YARGITAY KARARI
DAİRE : 3. Hukuk Dairesi
ESAS NO : 2012/21909
KARAR NO : 2012/26283
KARAR TARİHİ : 20.12.2012
MAHKEMESİ:AİLE MAHKEMESİ
Taraflar arasında görülen nafaka davasının yapılan muhakemesi sonunda mahalli mahkemece verilen hüküm davacı tarafından temyiz edilmiştir.

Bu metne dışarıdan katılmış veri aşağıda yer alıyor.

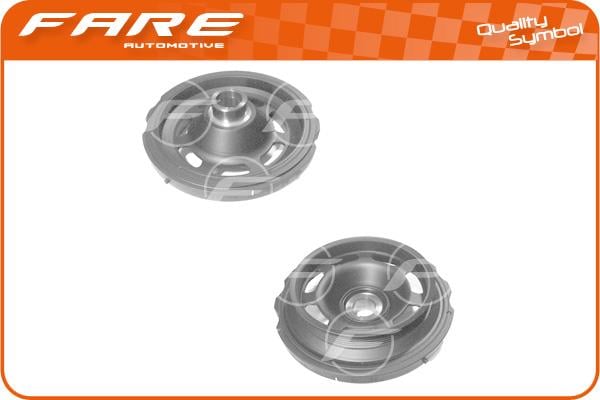 Fare 4923 Pulley crankshaft 4923: Buy near me in Poland at 2407.PL - Good price!
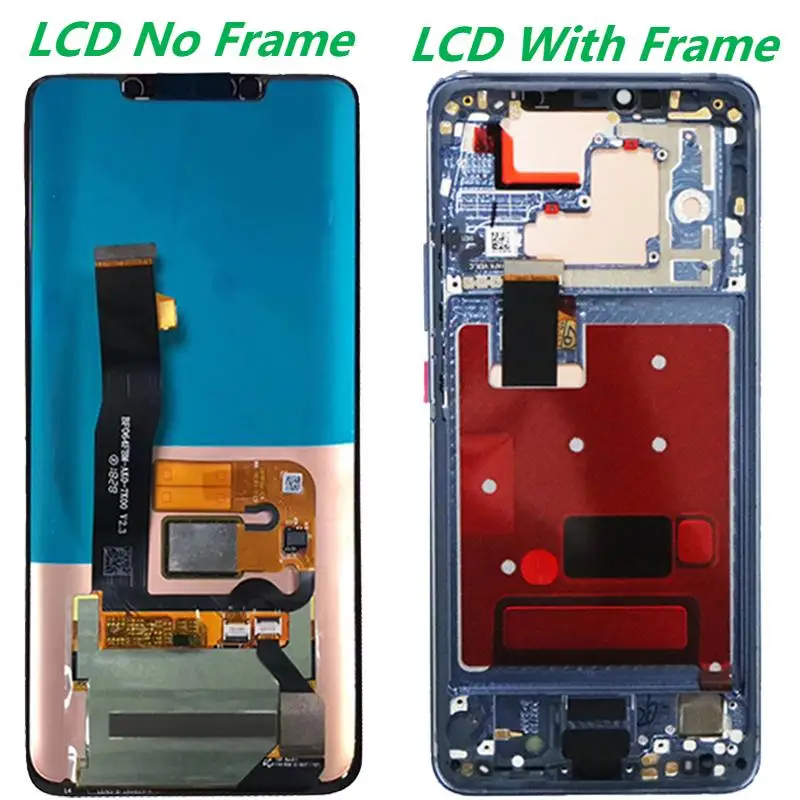 Original 6.39 '' LCD Display For Huawei Mate 20 Pro LCD Touch Screen With Frame Mate 20 Pro LYA-AL00 Digitizer Repair Parts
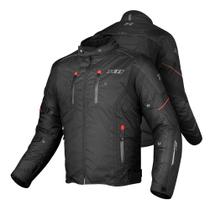 Jaqueta X11 Iron 3 Masculina Impermeável Motociclista Bolso Com MP3 System Jaqueta X11 Iron 3 Masculina Impermeável Motociclista Bolso Com MP3 System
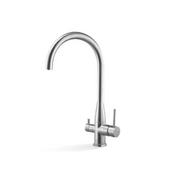 ELLE STAINLESS STEEL FILTER SINK MIXER
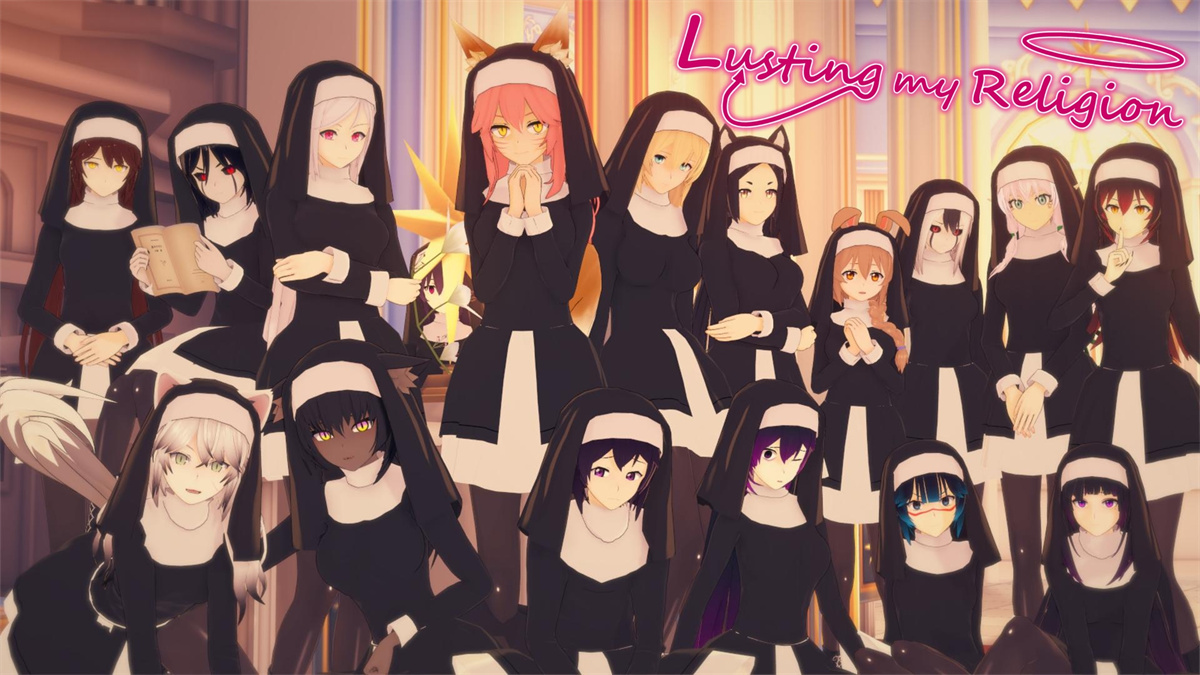 沙盒SLG汉化动态丨色诱我的宗教 渴望我的宗教 Lusting my religion v0.7.5【20231230】 游戏截图 5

Y A R G I T A Y K A R A R I
Temyiz isteminin süresi içinde olduğu anlaşıldıktan sonra dosyadaki bütün kağıtlar okunup gereği düşünüldü.Davada; davacının boşanma davası açtığı, davalı kocanın da karşı dava ile boşanma davası açtığı, her iki davanın redle sonuçlanmasına rağmen ayrı yaşamın devam ettiği ileri sürülerek işi ve geliri bulunmayan davacı lehine tedbir nafakası istenilmiş; mahkemece, davalı tarafın ayrı yaşamada haklılığı ispatlayamadığı gerekçesiyle davanın reddine karar verilmiştir.
TMK’nun 195.maddesi uyarınca, evlilik birliğinden doğan yükümlülüklerin yerine getirilmemesi veya evlilik birliğine ilişkin önemli bir konuda uyuşmazlığa düşülmesi halinde eşler ayrı ayrı veya birlikte hâkimin müdahalesini isteyebilirler. Hâkim, gerektiği takdirde eşlerden birinin istemi üzerine Kanunda öngörülen önlemleri alır. Aynı yasanın 197. maddesine göre de; eşlerden biri, ortak hayat sebebiyle kişiliği, ekonomik güvenliği veya ailenin huzuru ciddi bicimde tehlikeye düştüğü sürece ayrı Yaşama hakkına sahiptir.Birlikte yaşamaya ara verilmesi haklı bir sebebe dayanıyorsa hâkim, eşlerden birinin istemi üzerine birinin diğerine yapacağı parasal katkıya, konut ve ev eşyasından yararlanmaya ve eşlerin mallarının yönetimine ilişkin önlemleri alır.
Somut olayda, toplanan delillerden, tarafların davalının anne ve babasıyla birlikte yaşadıkları, davalının davacıyla ilgilenmediği, internete takıldığı, boşanma davasının reddedilmesinden sonra tarafların biraraya gelmedikleri,davalının birlikte yaşamı tesis etmek için herhangi bir girişiminin olmadığı, gerçekleşen bu olgular karşısında, davalının davacıyla birlikte yaşamaktan kaçındığı, müşterek bağımsız bir konut seçimine yanaşmadığı, bu durumda davacının ayrı yaşamakta ve nafaka talebinde haklı olduğu kanıtlandığından Türk Medeni Kanununun 197.maddesi gereğince davacı lehine uygun miktarda tedbir nafakasına hükmedilmesi gerekirken, delillerin yanılgılı değerlendirilmesi sonucu istemin tümüyle reddi doğru görülmemiştir.Bu itibarla yukarıda açıklanan esaslar gözönünde tutulmaksızın yazılı şekilde hüküm tesisi isabetsiz, temyiz itirazları bu nedenlerle yerinde olduğundan kabulü ile hükmün HUMK.nun 428. maddesi gereğince BOZULMASINA ve peşin alınan temyiz harcının istek halinde temyiz edene iadesine, 20.12.2012 tarihinde oybirliğiyle karar verildi.